«В начале 90-х годов большинство исследователей социальной структуры в России изменили парадигму исследований. Произошел переход от марксистской парадигмы к теории социальной стратификации… Современную социальную структуру российского общества нельзя рассматривать как стабильное устойчивое явление. Появившиеся различные формы собственности привели к рождению новой социальной структуры с новыми формами социальной дифференциации. Основной характеристикой современного российского общества является его социальная поляризация, расслоение на большинство бедных и меньшинство богатых. Таким образом, налицо конфликт между сущностью проводимых экономических реформ и ожиданиями и стремлением большинства населения. Пространство социальной стратификации как бы свертывается практически к одному показателю — имущественному (капитал, собственность, доход)… Эти проблемы часто обсуждаются на страницах социологических и общественно-политических журналов. Однако весьма мало исследуются проблемы рабочего класса, отдельных слоев специалистов. Не слишком много внимания уделяется крестьянству.
В заключение отметим, что проблематика социальной стратификации российского общества является сегодня приоритетной в российской социологии» [38].
Является ли эта тематика приоритетной или нет, сказать трудно, наукометрических исследований в российском обществоведении давно не ведется. Важнее качественный вывод: основу парадигмы этих исследования составляет теория социальной стратификации. Ее познавательные возможности конкретно в приложении к нынешнему кризису, пожалуй, даже меньше, чем у теории классов, тем более развитой после Маркса в социокультурной истории. Да она, в принципе, и мало отличается от теории классов — обе принадлежат к одной и той же парадигме модерна. В 1996 году Л.Г. Ионин сделал замечание, справедливое и сегодня:
«Дело выглядит так, будто трансформирующееся российское общество в состоянии адекватно описать и понять себя при помощи стандартных учебников и стандартных социологических схем, разработанных на Западе в 60-70-е годы для описания западного общества того времени…
И западное общество, и российское почти одновременно подошли к необходимости коренной когнитивной переориентации. На Западе она произошла или происходит. У нас же она совпала с разрушительными реформами и полным отказом от приобретенного ранее знания, а потому практически не состоялась. Мы упустили из виду процессы, происходящие в нашем собственном обществе и живем сейчас не своим знанием, а тридцати-сорокалетней давности идеологией западного модерна. Вместе с этой идеологией усваиваются и социологические теории, и методологии, тем более, что они ложатся на заботливо приготовленную модернистским марксизмом духовную почву…
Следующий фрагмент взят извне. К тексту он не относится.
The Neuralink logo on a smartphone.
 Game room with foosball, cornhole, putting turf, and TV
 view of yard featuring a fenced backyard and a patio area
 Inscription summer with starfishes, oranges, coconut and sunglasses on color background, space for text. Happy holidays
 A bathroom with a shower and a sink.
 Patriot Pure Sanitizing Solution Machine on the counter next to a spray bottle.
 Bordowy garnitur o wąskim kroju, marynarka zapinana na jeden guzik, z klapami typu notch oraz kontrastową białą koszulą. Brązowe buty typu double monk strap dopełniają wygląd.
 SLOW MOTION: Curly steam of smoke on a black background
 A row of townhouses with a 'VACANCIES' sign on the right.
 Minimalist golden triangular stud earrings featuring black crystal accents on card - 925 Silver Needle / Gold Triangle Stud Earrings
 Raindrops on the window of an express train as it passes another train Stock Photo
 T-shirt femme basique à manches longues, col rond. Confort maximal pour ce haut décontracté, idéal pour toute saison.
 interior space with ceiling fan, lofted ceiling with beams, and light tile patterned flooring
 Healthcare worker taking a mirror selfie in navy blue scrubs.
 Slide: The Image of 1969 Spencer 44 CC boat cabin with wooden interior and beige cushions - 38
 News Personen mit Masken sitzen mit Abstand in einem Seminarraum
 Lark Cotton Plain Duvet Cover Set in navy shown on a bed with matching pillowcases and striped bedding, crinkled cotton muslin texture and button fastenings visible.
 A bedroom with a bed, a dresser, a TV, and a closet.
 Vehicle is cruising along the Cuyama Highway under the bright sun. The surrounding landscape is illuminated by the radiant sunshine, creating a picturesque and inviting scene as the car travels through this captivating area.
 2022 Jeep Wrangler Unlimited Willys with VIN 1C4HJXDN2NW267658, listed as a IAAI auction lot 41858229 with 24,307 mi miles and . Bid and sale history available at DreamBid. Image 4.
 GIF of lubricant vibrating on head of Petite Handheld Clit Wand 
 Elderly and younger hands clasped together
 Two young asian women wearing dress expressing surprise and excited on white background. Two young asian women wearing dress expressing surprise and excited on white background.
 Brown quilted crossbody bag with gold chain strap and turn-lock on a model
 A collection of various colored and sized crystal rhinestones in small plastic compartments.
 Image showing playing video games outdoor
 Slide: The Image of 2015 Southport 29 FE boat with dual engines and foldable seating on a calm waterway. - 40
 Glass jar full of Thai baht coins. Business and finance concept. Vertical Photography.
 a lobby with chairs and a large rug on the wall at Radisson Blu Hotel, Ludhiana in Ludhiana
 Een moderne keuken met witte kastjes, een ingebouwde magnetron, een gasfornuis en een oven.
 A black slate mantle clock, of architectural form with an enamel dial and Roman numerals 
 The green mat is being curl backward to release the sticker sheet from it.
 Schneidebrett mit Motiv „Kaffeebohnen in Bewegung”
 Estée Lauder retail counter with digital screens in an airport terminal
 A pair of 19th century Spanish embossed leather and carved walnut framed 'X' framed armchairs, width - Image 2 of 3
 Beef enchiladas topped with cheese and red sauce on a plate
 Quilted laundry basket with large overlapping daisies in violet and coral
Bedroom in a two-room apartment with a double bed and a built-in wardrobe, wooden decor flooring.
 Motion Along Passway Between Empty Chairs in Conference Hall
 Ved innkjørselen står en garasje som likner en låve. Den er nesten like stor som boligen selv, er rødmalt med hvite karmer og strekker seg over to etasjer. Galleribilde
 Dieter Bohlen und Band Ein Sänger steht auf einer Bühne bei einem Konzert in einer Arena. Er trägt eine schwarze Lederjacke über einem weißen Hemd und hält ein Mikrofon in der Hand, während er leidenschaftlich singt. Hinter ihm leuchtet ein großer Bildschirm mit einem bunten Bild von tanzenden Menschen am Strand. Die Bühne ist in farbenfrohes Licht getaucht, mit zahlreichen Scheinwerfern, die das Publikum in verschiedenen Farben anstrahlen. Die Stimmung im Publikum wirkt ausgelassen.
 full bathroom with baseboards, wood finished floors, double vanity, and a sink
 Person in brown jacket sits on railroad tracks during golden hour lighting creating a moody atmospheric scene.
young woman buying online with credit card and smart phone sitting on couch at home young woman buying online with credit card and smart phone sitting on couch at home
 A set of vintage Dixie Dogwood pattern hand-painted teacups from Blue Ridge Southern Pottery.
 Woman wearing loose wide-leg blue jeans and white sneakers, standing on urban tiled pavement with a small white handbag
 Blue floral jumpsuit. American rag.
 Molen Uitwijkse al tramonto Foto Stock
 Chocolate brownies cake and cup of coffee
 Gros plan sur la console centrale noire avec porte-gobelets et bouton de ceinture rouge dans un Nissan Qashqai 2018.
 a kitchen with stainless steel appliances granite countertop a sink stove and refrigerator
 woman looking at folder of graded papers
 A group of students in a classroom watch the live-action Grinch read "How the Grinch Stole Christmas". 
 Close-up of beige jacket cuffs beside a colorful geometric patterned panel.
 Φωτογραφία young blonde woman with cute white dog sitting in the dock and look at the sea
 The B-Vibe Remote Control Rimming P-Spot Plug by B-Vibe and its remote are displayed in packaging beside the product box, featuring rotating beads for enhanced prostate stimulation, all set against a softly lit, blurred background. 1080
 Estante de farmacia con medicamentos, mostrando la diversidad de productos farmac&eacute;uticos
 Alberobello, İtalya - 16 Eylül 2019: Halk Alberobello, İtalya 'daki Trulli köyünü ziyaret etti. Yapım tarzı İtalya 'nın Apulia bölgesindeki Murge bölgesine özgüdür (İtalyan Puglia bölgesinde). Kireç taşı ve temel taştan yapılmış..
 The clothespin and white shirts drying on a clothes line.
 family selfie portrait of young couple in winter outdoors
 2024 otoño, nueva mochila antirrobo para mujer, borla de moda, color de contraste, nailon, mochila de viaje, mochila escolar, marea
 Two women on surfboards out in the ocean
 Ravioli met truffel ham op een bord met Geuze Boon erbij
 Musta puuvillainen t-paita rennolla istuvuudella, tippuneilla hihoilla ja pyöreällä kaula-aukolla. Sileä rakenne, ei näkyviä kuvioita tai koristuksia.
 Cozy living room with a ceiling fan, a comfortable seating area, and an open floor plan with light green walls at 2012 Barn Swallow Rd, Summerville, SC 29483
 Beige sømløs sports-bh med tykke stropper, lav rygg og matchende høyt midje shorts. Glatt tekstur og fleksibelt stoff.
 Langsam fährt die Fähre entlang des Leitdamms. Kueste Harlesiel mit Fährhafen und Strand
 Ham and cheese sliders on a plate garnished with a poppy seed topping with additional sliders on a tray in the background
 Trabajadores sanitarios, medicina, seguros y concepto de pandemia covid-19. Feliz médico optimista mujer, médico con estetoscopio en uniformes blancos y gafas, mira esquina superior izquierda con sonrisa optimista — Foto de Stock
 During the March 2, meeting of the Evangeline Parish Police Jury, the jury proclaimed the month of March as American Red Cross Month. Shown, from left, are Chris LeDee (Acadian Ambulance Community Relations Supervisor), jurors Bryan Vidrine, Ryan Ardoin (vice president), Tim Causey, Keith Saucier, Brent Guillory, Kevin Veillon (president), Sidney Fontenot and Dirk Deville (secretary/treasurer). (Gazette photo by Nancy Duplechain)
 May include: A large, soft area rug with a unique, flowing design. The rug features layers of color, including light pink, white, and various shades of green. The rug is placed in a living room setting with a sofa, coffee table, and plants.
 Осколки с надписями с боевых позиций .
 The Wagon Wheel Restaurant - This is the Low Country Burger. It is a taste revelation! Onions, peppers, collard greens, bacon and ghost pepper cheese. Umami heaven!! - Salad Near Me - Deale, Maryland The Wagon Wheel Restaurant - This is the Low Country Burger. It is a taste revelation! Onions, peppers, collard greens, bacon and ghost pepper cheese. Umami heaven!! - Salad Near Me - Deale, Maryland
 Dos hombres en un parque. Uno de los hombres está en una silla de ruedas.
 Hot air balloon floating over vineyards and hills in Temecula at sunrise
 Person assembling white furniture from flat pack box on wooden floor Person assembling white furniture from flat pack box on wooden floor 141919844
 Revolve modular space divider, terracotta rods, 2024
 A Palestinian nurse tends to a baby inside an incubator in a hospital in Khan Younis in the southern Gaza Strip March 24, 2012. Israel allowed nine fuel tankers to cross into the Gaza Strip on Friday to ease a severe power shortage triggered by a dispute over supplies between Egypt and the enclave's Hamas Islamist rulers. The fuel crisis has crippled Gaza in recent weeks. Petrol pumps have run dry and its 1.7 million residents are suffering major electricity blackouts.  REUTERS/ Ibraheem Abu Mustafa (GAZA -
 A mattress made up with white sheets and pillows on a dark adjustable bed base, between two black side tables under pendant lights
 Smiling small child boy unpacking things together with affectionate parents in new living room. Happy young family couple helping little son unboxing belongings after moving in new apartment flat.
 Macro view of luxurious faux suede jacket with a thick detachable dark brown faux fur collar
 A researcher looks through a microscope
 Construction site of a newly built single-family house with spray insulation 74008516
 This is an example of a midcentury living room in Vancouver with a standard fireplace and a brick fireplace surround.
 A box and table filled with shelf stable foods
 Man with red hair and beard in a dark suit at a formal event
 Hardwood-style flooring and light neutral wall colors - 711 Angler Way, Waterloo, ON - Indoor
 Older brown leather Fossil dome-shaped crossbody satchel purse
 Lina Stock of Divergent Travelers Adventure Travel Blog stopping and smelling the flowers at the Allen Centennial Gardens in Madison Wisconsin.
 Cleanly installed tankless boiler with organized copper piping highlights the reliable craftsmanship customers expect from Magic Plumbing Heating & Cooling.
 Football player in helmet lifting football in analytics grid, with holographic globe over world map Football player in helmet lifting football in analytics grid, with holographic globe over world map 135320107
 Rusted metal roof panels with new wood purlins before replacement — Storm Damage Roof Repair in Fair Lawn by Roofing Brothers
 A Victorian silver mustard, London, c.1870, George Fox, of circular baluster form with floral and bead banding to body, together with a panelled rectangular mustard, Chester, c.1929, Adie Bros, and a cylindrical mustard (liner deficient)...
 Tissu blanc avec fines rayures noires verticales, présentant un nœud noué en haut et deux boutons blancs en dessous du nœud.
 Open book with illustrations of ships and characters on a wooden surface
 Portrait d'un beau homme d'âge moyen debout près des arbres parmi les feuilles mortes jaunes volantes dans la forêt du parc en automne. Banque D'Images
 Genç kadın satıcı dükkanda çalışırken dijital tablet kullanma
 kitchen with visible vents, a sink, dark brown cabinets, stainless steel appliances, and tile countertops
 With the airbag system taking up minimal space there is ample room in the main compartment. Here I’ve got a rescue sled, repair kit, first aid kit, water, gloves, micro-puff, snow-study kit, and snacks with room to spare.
Теории, которые у нас ныне используются, описывают не то стремительно меняющееся общество, в котором мы живем сейчас. Переводимые и выпускаемые у нас ныне учебники социологии описывают не то общество, с которым имеет дело студент» [67].14
Картина социальной стратификации российского общества, конечно, необходима — как первое, грубое приближение, но она недостаточна, чтобы «понять себя». Выделение социальных слоев проводится прежде всего по уровням доходов, а это более узкое основание, чем даже выделение групп по отношению к собственности и разделению труда. Добавление к экономическим параметрам при стратификации индикаторов власти, статуса, образования, проведения свободного времени и пр., принципиально не меняют модели. В главном она сходится к описанию неравенства в распределительных отношениях.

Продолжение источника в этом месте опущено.